Some are born to sweet delight
Some are born to sweet delight
Some are born to endless night.
What makes the difference? The slant of the light coming through the leaves, I guess. I keep wondering. When you lay your hand on someone's sternum, and wait for the in-breath to lift it, what exactly are you waiting for?
At twilight I walk through the bare spaces of the darkened house. Kiki prances towards me, sideways, in a mock invitation to combat. I twitch and say "cha!" and she flashes past me and up the stairs. Later I'll find her curled into an oblate spheroid on the sewing chair, her nose tucked into her abdomen, her ribs rising and falling.
I think of Jonquil, who brought her to us, with sudden dread at the hazards of the wide world, thinking how the twine frays and the connections are lost. The house darkens. I think of holding her head, of holding yours, of the pulse in my wrist meeting the pulse behind your ear, of my fingers laid over your forehead, of all the threads meeting, binding, separating. Ahab wanted to strike through the mask, poor man. Not knowing the mask was exactly what he was searching for, exactly what he needed: a face threaded over his face, a light threaded over his light.
You speak, and the mask begins to speak, and the listening takes fire. Somewhere. I'm helpless to say where, or how. But that's how it works.
2 comments:
"what exactly are you waiting for?"
There is no word for it, but there it is.

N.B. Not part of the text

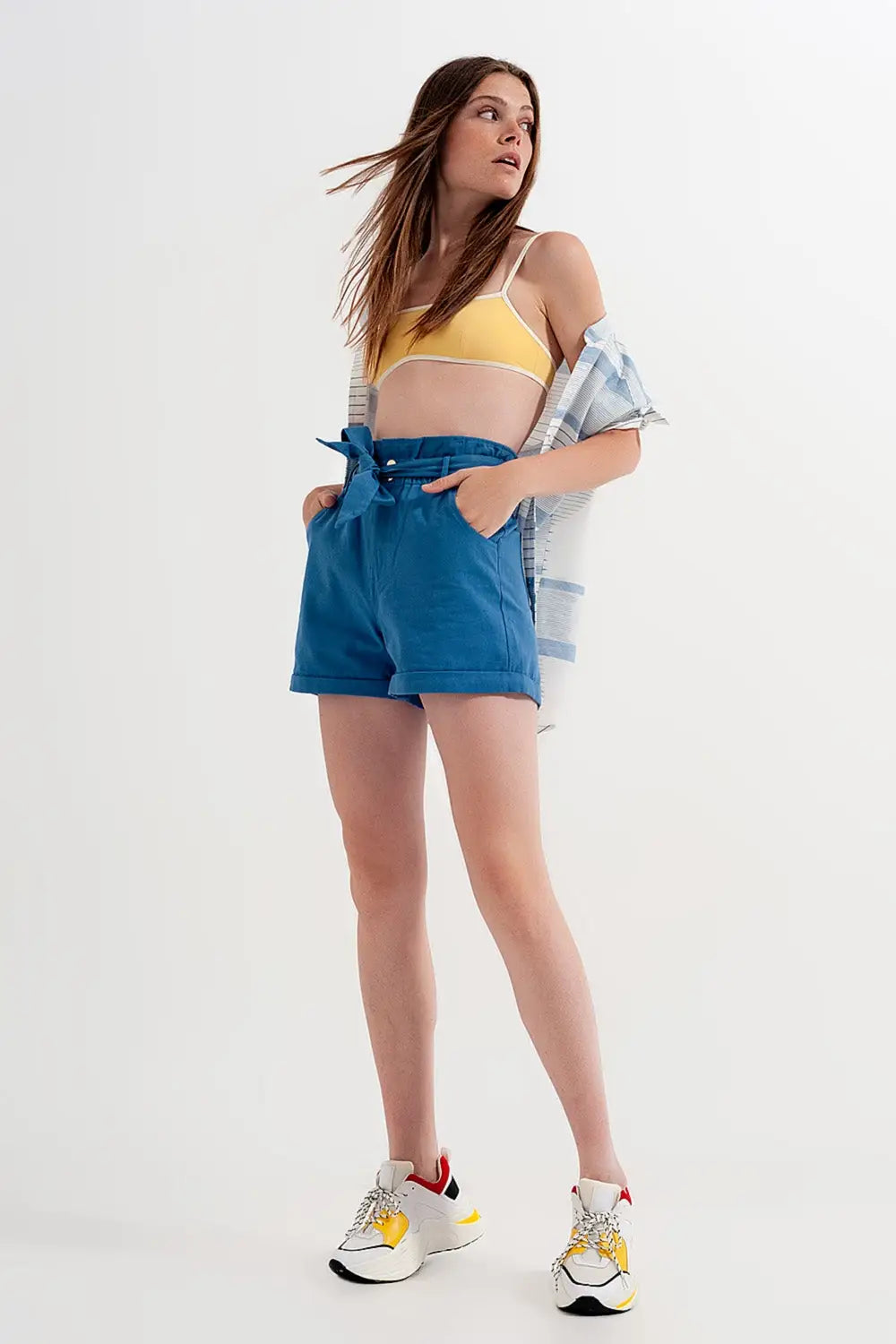 Shorts with belted waist in blue - Pants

I really love this, Dale. There is a simplicity to the poetic quality of the words that drifts off the whiteness of the screen almost like breath and yet is very complex too. The threads that connect, bind, separate. Where you switch to Ahab caught me. How it turns that way, I'm not sure. The "slant of light," that's it. But then, oh I was searching for something, and this resonated, then more deeply, so, hope it's ok.